Descartes, Spinoza ve Leibniz’in kurduğu rasyonalist metafizik sistemlerin karşısında, modern felsefede ikinci büyük epistemolojik yönelimi temsil eden isim John Locke’tur (1632–1704). Locke, bilgi ve varlık sorununu, aklın doğuştan gelen fikirlerle değil; duyusal deneyim ve gözlemle şekillendiğini savunan empirizm (deneycilik) felsefesini sistematikleştiren düşünürdür.
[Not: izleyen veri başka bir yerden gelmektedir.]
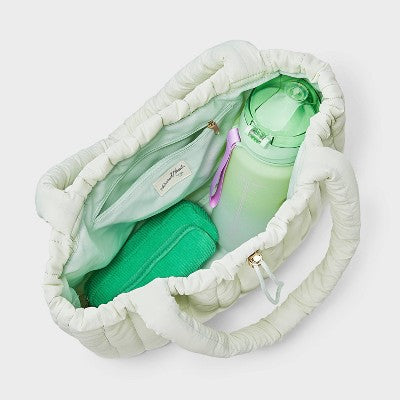 Quilted Drawstring Tote Handbag - Universal Thread Pale Blue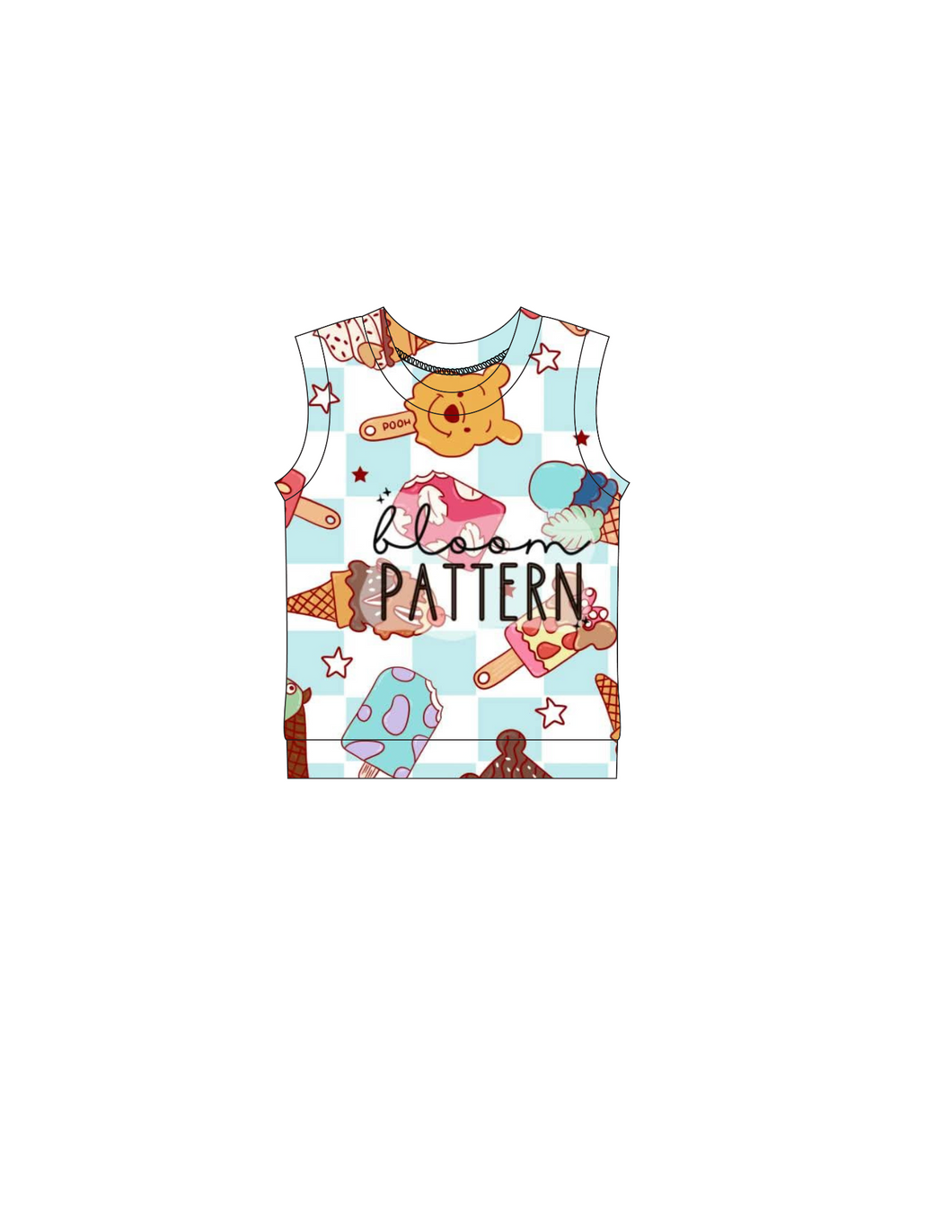 Characters ice cream tank top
Onun temel eseri olan An Essay Concerning Human Understanding (İnsan Anlığı Üzerine Bir Deneme), modern bilgi teorisinin kuruluş metinlerinden biridir.
Locke’un felsefesi, insan zihninin yapısına dair temel bir iddiayla başlar:
“Nihil est in intellectu quod non prius fuerit in sensu.”
(Zihinde, önce duyularda bulunmayan hiçbir şey yoktur.)
Yani, zihin doğuştan boş bir levha (tabula rasa)dır. Bilgi, duyusal deneyim yoluyla zihne dolar ve orada işlenir. İnsan aklı, bilgi üretmektense deneyimden gelen verileri işler ve düzenler. Böylece Locke, Descartes’ın doğuştan fikirler (ideae innatae) doktrinine doğrudan karşı çıkar.
Deneyim, Locke’a göre iki kaynaktan doğar:
Dışsal duyular (sensation): Dış dünyadan gelen duyusal veriler.
İçsel duyular (reflection): Zihnin kendi işleyişine dair farkındalık ve gözlem.
Bu iki kaynağın birleşimiyle insan, nesneler hakkında bilgi sahibi olur. Deneyim aracılığıyla edinilen bu içerikler Locke’un sisteminde “ideas” (fikirler) olarak adlandırılır. Tüm düşünceler, karmaşık ya da basit fikirler halinde duyusal verilerin işlenmesiyle oluşur.
Locke’un madde anlayışı, bu epistemolojiyi destekleyen bir metafizik zemin içerir. Ona göre nesneler, “nitelikler” (qualities) yoluyla bilinir.
- Birincil nitelikler (primary qualities): Nesnenin kendisinde bulunan, herkes için aynı olan özelliklerdir: şekil, hareket, uzam, sayı, sertlik.
- İkincil nitelikler (secondary qualities): Nesne ile öznenin etkileşimi sonucu zihinde oluşan özelliklerdir: renk, koku, tat, sıcaklık, ses.
Bu ayrım, nesnel ve öznel gerçekliklerin bilgi teorisinde nasıl ayrıştırıldığını gösterir. Birincil nitelikler nesnenin fiziksel gerçekliğini temsil ederken, ikincil nitelikler öznenin algılama biçimiyle ortaya çıkar.
Locke’un bilgi anlayışında bilginin sınırları önemli bir konudur. Ona göre, insan zihni, Tanrı’nın mutlak bilgisinden farklı olarak sınırlıdır; kesinlik yalnızca matematik ve ahlak gibi soyut alanlarda mümkündür. Dış dünya bilgisi olasılıklar üzerinden işler. Böylece Locke, kesin bilgi ile muhtemel bilgi arasında ayrım yapar. Bu sınır kavrayışı, daha sonra Hume ve Kant’ın bilgi teorilerini derinden etkileyecektir.
Siyaset felsefesinde Locke’un etkisi, epistemolojisi kadar belirleyicidir. İki Hükümet Üzerine İnceleme (Two Treatises of Government) adlı eserinde, toplumsal sözleşme ve birey hakları fikrini temellendirir. Doğa durumunda bireyler özgür ve eşittir; mülkiyet hakkı, bireyin emeği yoluyla doğar. Devletin meşruiyeti, birey haklarını koruma amacına dayanır. Yönetim, halkın rızasına bağlıdır; halkın rızası kaybolduğunda meşru isyan hakkı doğar. Locke’un siyaset anlayışı, modern liberalizmin ve anayasal demokrasilerin teorik temelini oluşturur.
Ahlaki felsefede de Locke, insan doğasının deneyimle şekillendiğini ve ahlaki ilkelerin akılla kavranabileceğini savunur. Ahlaki doğruluk, Tanrısal emirle değil, aklın ve deneyimin ürettiği doğal hukuk (lex naturalis) ilkelerine dayanır. Birey, doğanın yasalarını kavrayarak özgür ve erdemli yaşamaya yönelir.